What is a Man Maker?
Part of the crossfit/sealfit/garagefit cult? You’ve probably been performing the man maker until you’re blue in the face for some time now. What about everyone else? This combination movement has become mainstream for good reason– the man maker combines large core movements into a sequential series that taxes all the major muscle groups.
The result? A well designed exercise that sends your heart rate through the roof, maximizes calorie burn during and after exercise (see EPOC), stimulates muscular endurance, and helps develop symmetry by working antagonist muscles.
How to perform the Man Maker
You’ll most likely see several variations of the man maker performed in your gym or in online training articles.
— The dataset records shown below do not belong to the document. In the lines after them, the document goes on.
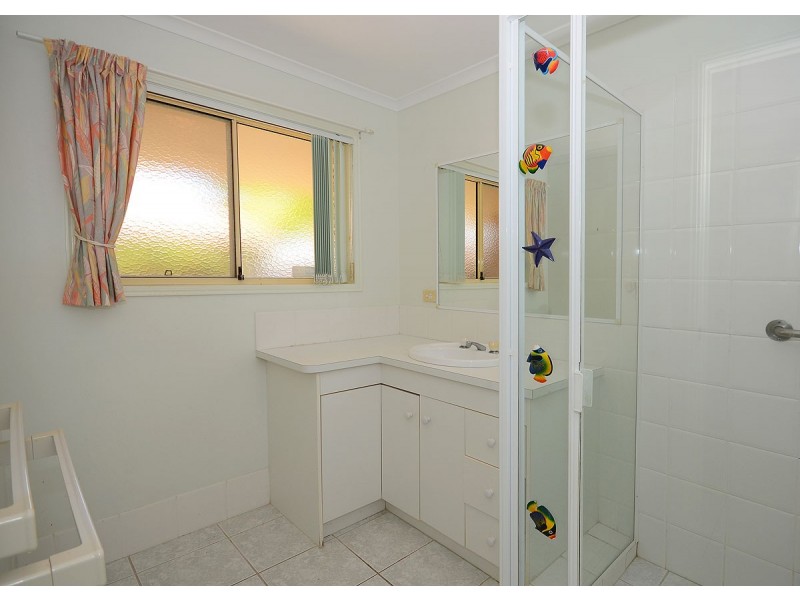 1, 9 King Edward Court, Urangan QLD 4655
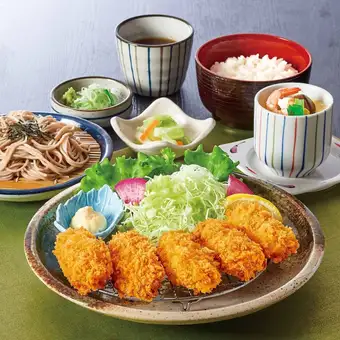 Large fried oyster set meal with a complimentary steamed egg custard.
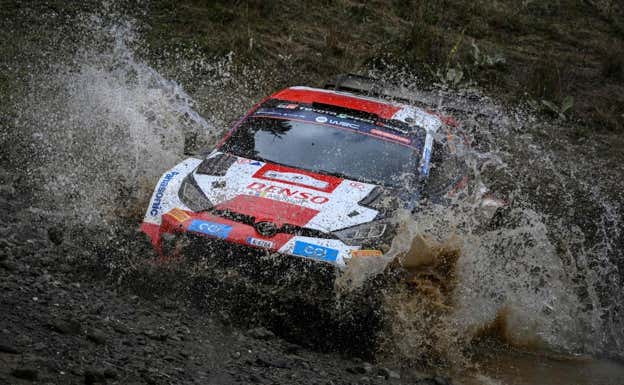 Kalle Rovanperä y Junne Halttunen pasan con su Toyota GR Yaris un charco en el Rally Acrópolis 2023.  EP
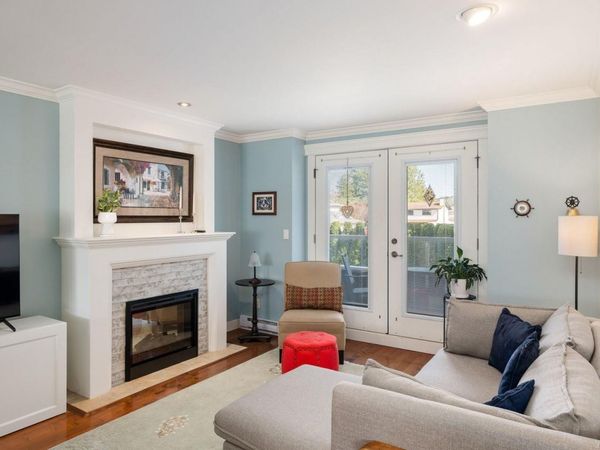 531 Heatherdale Lane, Saanich, BC V8Z 0A4
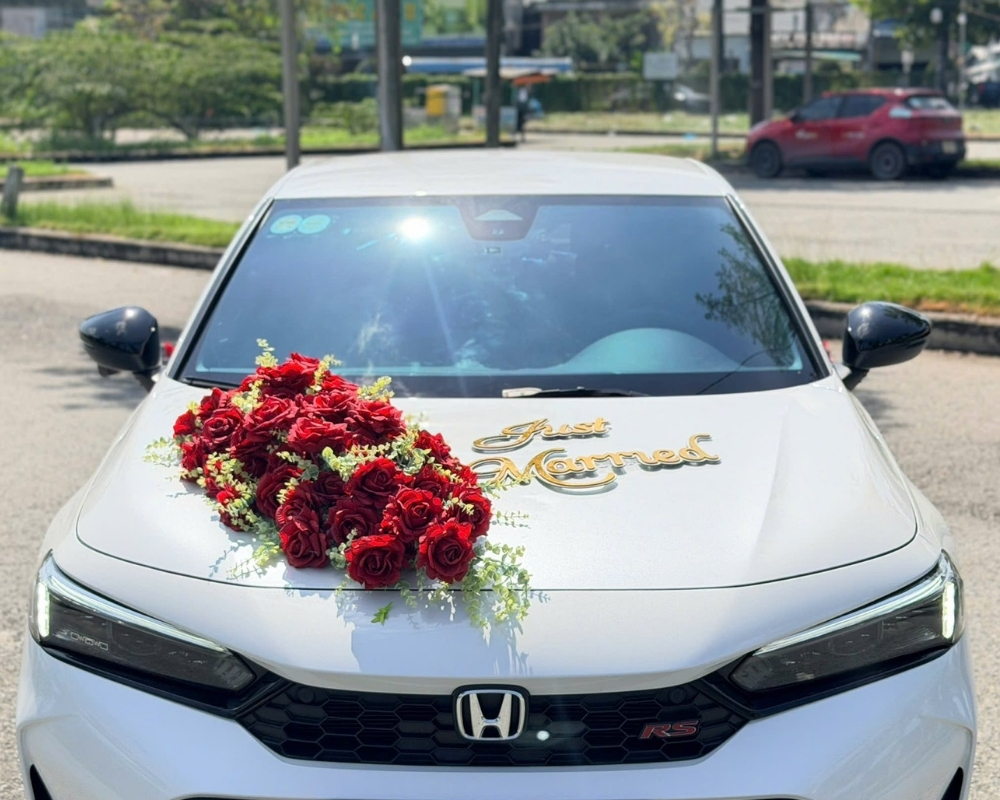 30+ Mẫu hoa xe cưới đẹp, đơn giản, sang trọng cho ngày cưới 9 hoa xe cưới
The most widely accepted version is the 8-count movement listed below:
- Single Arm Row
- Single Arm Row (opposite arm)
- Power Clean
The man maker starting position is simply standing with a pair of dumbbells hanging at your sides:
(1) drop squat to the floor so that the dumbbells are touching about shoulder to hip width apart (2) Kick your legs back to a push-up position and perform a push-up (3) from the push-up position perform a one-arm dumbbell row with your right arm while supporting your weight with your left arm and slightly widened feet (4) Perform another push-up (5) one-arm row with the left arm (6) bring legs back up toward your hands into a drop squat (7) stand up and clean the dumbbells to your shoulders (8) perform a push-press… repeat
How to implement the Man Maker into your workouts
The man maker series can be added to your workouts as a circuit training station consisting of about 30 – 45 seconds worth of repetitions or as an independent exercise. Keep in mind that the man maker is a full-body exercise, so you’ll most likely want to transition into something like jumping rope or a core station for your circuits while giving your major muscle groups a short break.